(Stored data entries)
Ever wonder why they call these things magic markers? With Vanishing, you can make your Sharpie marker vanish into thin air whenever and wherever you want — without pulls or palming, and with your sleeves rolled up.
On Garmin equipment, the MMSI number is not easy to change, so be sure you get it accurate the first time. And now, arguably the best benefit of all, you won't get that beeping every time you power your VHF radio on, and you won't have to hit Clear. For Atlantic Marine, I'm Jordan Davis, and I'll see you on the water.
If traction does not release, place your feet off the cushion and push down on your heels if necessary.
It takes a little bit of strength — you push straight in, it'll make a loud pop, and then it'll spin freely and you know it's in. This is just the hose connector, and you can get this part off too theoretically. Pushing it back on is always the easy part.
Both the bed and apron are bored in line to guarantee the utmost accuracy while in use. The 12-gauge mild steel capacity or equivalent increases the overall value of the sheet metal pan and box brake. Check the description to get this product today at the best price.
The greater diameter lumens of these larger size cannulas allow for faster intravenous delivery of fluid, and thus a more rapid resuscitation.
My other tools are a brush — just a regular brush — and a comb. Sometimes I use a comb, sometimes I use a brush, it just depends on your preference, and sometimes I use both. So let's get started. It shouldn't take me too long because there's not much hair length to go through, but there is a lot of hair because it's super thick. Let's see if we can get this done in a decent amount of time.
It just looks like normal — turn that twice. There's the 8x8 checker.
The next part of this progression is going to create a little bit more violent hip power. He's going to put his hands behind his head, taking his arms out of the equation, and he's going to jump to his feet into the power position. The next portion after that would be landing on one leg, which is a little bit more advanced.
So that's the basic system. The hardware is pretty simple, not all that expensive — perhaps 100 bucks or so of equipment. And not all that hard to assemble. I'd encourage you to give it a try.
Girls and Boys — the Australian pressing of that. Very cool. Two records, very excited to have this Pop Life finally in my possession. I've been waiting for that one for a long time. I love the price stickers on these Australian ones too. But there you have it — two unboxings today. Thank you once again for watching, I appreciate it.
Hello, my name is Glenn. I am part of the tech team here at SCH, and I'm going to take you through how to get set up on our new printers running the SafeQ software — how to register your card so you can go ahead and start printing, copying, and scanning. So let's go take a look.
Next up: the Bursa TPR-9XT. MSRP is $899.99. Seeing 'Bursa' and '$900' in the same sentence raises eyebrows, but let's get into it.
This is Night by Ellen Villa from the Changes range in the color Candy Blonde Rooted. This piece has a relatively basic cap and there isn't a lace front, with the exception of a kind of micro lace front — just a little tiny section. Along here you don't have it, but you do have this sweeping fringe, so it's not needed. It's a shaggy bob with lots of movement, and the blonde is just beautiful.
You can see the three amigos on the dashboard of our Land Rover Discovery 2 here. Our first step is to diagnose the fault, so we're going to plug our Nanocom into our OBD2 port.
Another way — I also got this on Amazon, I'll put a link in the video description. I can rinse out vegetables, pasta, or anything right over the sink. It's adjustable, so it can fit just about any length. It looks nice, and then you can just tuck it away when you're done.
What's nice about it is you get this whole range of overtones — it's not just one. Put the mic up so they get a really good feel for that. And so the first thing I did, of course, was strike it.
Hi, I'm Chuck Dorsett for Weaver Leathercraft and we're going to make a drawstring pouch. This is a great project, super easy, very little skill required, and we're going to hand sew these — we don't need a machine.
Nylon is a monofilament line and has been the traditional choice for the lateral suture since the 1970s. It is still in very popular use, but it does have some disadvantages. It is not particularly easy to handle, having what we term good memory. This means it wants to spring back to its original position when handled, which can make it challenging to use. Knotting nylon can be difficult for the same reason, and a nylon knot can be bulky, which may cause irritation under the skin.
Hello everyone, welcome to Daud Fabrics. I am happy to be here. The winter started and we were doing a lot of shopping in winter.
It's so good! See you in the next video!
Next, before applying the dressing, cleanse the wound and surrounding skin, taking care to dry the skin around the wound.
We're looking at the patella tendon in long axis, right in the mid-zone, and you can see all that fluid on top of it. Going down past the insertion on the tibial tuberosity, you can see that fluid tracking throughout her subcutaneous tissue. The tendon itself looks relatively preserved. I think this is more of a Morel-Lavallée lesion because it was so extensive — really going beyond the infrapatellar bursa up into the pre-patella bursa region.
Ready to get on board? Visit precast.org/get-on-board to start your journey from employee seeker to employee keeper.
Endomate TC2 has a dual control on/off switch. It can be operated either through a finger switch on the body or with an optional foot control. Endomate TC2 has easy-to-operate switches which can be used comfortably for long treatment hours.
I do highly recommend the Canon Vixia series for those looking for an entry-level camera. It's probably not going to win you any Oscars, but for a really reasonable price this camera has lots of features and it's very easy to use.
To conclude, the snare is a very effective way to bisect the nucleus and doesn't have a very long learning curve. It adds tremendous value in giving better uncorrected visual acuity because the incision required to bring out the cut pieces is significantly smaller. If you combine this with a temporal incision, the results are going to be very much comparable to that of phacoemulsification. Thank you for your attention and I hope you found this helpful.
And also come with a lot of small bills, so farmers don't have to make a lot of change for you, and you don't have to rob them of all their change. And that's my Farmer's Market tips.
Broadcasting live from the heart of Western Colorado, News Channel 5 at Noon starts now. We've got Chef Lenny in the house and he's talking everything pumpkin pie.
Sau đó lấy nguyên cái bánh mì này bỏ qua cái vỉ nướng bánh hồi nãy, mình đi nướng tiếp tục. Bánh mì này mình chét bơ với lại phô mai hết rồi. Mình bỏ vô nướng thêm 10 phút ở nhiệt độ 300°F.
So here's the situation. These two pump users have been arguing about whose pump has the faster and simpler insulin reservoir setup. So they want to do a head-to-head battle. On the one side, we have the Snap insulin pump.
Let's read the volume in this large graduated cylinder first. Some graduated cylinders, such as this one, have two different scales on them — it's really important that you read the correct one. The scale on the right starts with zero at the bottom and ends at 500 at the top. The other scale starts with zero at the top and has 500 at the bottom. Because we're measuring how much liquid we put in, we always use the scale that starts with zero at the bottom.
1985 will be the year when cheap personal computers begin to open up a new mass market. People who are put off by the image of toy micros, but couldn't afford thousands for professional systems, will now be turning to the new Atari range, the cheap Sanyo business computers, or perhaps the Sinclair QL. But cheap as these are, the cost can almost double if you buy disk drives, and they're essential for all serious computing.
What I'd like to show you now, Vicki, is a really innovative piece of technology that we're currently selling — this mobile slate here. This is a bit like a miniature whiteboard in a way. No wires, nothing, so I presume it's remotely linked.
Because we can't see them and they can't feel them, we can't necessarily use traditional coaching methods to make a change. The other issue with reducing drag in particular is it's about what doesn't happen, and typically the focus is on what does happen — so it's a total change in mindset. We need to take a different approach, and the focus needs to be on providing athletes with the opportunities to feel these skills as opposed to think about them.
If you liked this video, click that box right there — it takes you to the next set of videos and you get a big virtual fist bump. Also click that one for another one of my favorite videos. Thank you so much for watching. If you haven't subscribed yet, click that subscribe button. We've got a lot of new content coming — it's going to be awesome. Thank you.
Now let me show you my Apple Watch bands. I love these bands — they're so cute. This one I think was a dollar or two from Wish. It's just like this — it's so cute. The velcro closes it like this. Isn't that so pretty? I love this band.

* _AIM OF THE EXERCISE_:
Could you give the records above again, exactly and in full?

* _RESULT_:
Ever wonder why they call these things magic markers? With Vanishing, you can make your Sharpie marker vanish into thin air whenever and wherever you want — without pulls or palming, and with your sleeves rolled up.
On Garmin equipment, the MMSI number is not easy to change, so be sure you get it accurate the first time. And now, arguably the best benefit of all, you won't get that beeping every time you power your VHF radio on, and you won't have to hit Clear. For Atlantic Marine, I'm Jordan Davis, and I'll see you on the water.
If traction does not release, place your feet off the cushion and push down on your heels if necessary.
It takes a little bit of strength — you push straight in, it'll make a loud pop, and then it'll spin freely and you know it's in. This is just the hose connector, and you can get this part off too theoretically. Pushing it back on is always the easy part.
Both the bed and apron are bored in line to guarantee the utmost accuracy while in use. The 12-gauge mild steel capacity or equivalent increases the overall value of the sheet metal pan and box brake. Check the description to get this product today at the best price.
The greater diameter lumens of these larger size cannulas allow for faster intravenous delivery of fluid, and thus a more rapid resuscitation.
My other tools are a brush — just a regular brush — and a comb. Sometimes I use a comb, sometimes I use a brush, it just depends on your preference, and sometimes I use both. So let's get started. It shouldn't take me too long because there's not much hair length to go through, but there is a lot of hair because it's super thick. Let's see if we can get this done in a decent amount of time.
It just looks like normal — turn that twice. There's the 8x8 checker.
The next part of this progression is going to create a little bit more violent hip power. He's going to put his hands behind his head, taking his arms out of the equation, and he's going to jump to his feet into the power position. The next portion after that would be landing on one leg, which is a little bit more advanced.
So that's the basic system. The hardware is pretty simple, not all that expensive — perhaps 100 bucks or so of equipment. And not all that hard to assemble. I'd encourage you to give it a try.
Girls and Boys — the Australian pressing of that. Very cool. Two records, very excited to have this Pop Life finally in my possession. I've been waiting for that one for a long time. I love the price stickers on these Australian ones too. But there you have it — two unboxings today. Thank you once again for watching, I appreciate it.
Hello, my name is Glenn. I am part of the tech team here at SCH, and I'm going to take you through how to get set up on our new printers running the SafeQ software — how to register your card so you can go ahead and start printing, copying, and scanning. So let's go take a look.
Next up: the Bursa TPR-9XT. MSRP is $899.99. Seeing 'Bursa' and '$900' in the same sentence raises eyebrows, but let's get into it.
This is Night by Ellen Villa from the Changes range in the color Candy Blonde Rooted. This piece has a relatively basic cap and there isn't a lace front, with the exception of a kind of micro lace front — just a little tiny section. Along here you don't have it, but you do have this sweeping fringe, so it's not needed. It's a shaggy bob with lots of movement, and the blonde is just beautiful.
You can see the three amigos on the dashboard of our Land Rover Discovery 2 here. Our first step is to diagnose the fault, so we're going to plug our Nanocom into our OBD2 port.
Another way — I also got this on Amazon, I'll put a link in the video description. I can rinse out vegetables, pasta, or anything right over the sink. It's adjustable, so it can fit just about any length. It looks nice, and then you can just tuck it away when you're done.
What's nice about it is you get this whole range of overtones — it's not just one. Put the mic up so they get a really good feel for that. And so the first thing I did, of course, was strike it.
Hi, I'm Chuck Dorsett for Weaver Leathercraft and we're going to make a drawstring pouch. This is a great project, super easy, very little skill required, and we're going to hand sew these — we don't need a machine.
Nylon is a monofilament line and has been the traditional choice for the lateral suture since the 1970s. It is still in very popular use, but it does have some disadvantages. It is not particularly easy to handle, having what we term good memory. This means it wants to spring back to its original position when handled, which can make it challenging to use. Knotting nylon can be difficult for the same reason, and a nylon knot can be bulky, which may cause irritation under the skin.
Hello everyone, welcome to Daud Fabrics. I am happy to be here. The winter started and we were doing a lot of shopping in winter.
It's so good! See you in the next video!
Next, before applying the dressing, cleanse the wound and surrounding skin, taking care to dry the skin around the wound.
We're looking at the patella tendon in long axis, right in the mid-zone, and you can see all that fluid on top of it. Going down past the insertion on the tibial tuberosity, you can see that fluid tracking throughout her subcutaneous tissue. The tendon itself looks relatively preserved. I think this is more of a Morel-Lavallée lesion because it was so extensive — really going beyond the infrapatellar bursa up into the pre-patella bursa region.
Ready to get on board? Visit precast.org/get-on-board to start your journey from employee seeker to employee keeper.
Endomate TC2 has a dual control on/off switch. It can be operated either through a finger switch on the body or with an optional foot control. Endomate TC2 has easy-to-operate switches which can be used comfortably for long treatment hours.
I do highly recommend the Canon Vixia series for those looking for an entry-level camera. It's probably not going to win you any Oscars, but for a really reasonable price this camera has lots of features and it's very easy to use.
To conclude, the snare is a very effective way to bisect the nucleus and doesn't have a very long learning curve. It adds tremendous value in giving better uncorrected visual acuity because the incision required to bring out the cut pieces is significantly smaller. If you combine this with a temporal incision, the results are going to be very much comparable to that of phacoemulsification. Thank you for your attention and I hope you found this helpful.
And also come with a lot of small bills, so farmers don't have to make a lot of change for you, and you don't have to rob them of all their change. And that's my Farmer's Market tips.
Broadcasting live from the heart of Western Colorado, News Channel 5 at Noon starts now. We've got Chef Lenny in the house and he's talking everything pumpkin pie.
Sau đó lấy nguyên cái bánh mì này bỏ qua cái vỉ nướng bánh hồi nãy, mình đi nướng tiếp tục. Bánh mì này mình chét bơ với lại phô mai hết rồi. Mình bỏ vô nướng thêm 10 phút ở nhiệt độ 300°F.
So here's the situation. These two pump users have been arguing about whose pump has the faster and simpler insulin reservoir setup. So they want to do a head-to-head battle. On the one side, we have the Snap insulin pump.
Let's read the volume in this large graduated cylinder first. Some graduated cylinders, such as this one, have two different scales on them — it's really important that you read the correct one. The scale on the right starts with zero at the bottom and ends at 500 at the top. The other scale starts with zero at the top and has 500 at the bottom. Because we're measuring how much liquid we put in, we always use the scale that starts with zero at the bottom.
1985 will be the year when cheap personal computers begin to open up a new mass market. People who are put off by the image of toy micros, but couldn't afford thousands for professional systems, will now be turning to the new Atari range, the cheap Sanyo business computers, or perhaps the Sinclair QL. But cheap as these are, the cost can almost double if you buy disk drives, and they're essential for all serious computing.
What I'd like to show you now, Vicki, is a really innovative piece of technology that we're currently selling — this mobile slate here. This is a bit like a miniature whiteboard in a way. No wires, nothing, so I presume it's remotely linked.
Because we can't see them and they can't feel them, we can't necessarily use traditional coaching methods to make a change. The other issue with reducing drag in particular is it's about what doesn't happen, and typically the focus is on what does happen — so it's a total change in mindset. We need to take a different approach, and the focus needs to be on providing athletes with the opportunities to feel these skills as opposed to think about them.
If you liked this video, click that box right there — it takes you to the next set of videos and you get a big virtual fist bump. Also click that one for another one of my favorite videos. Thank you so much for watching. If you haven't subscribed yet, click that subscribe button. We've got a lot of new content coming — it's going to be awesome. Thank you.
Now let me show you my Apple Watch bands. I love these bands — they're so cute. This one I think was a dollar or two from Wish. It's just like this — it's so cute. The velcro closes it like this. Isn't that so pretty? I love this band.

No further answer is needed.